You misspelled "USA"
as we can see from the fact that the debt is much, much bigger now, still with no deleterious consequences
Umm I do not thinks so.
In fatc i know you are dead wrong:
First, the relationship between government debt and real GDP growth is weak for debt/GDP ratios below 90% of GDP.1 Above the threshold of 90%, median growth rates fall by 1%, and average growth falls considerably more. The threshold for public debt is similar in advanced and emerging economies and applies for both the post World War II period and as far back as the data permit (often well into the 1800s).

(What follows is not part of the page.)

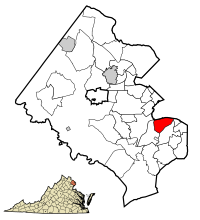 Location within Fairfax county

http://www.voxeu.org/article/d.....-revisited
Haven't watched the video yet so maybe Stockman made this point, but I doubt that he did.
Reagan had a hostile Congress for his entire presidency. The Democrats in 80 and 84 explicitly campaigned on increasing the national debt as a way to 'full employment'. The budgets submitted by Reagan were routinely declared dead on arrival by Tip O'Neal. And Reagan made a grand compromise to increase taxes in exchange for spending cuts, which never materialized.
Claiming that Reagan increased the deficit and debt in the face of all that is highly disingenuous. At worst, you could say that he failed to restrain the democrat Congress.
I thought it was George H. W. Bush who agreed to raise taxes, but otherwise (as usual) I agree with you Zaytsev.
http://www.humanevents.com/201.....ase-today/
only $140 billion of which went to the Reagan defense buildup that ended the Evil Empire.
GDP in 1982 was only 3.2 trillion. $140 Billion was a lot of money back then.
Otherwise excellent point
Revenues grew after the Bush tax cuts. They did not decline.
You would think from the media rhetoric that the most bountiful year was 2000, the last year of the Clinton administration, but the highest revenue received on record were for 2007.
revenues -- plural was intended, to keep the noun verb formation correct.
lol, what a pompous windbag. Dude is way too full of himself I think.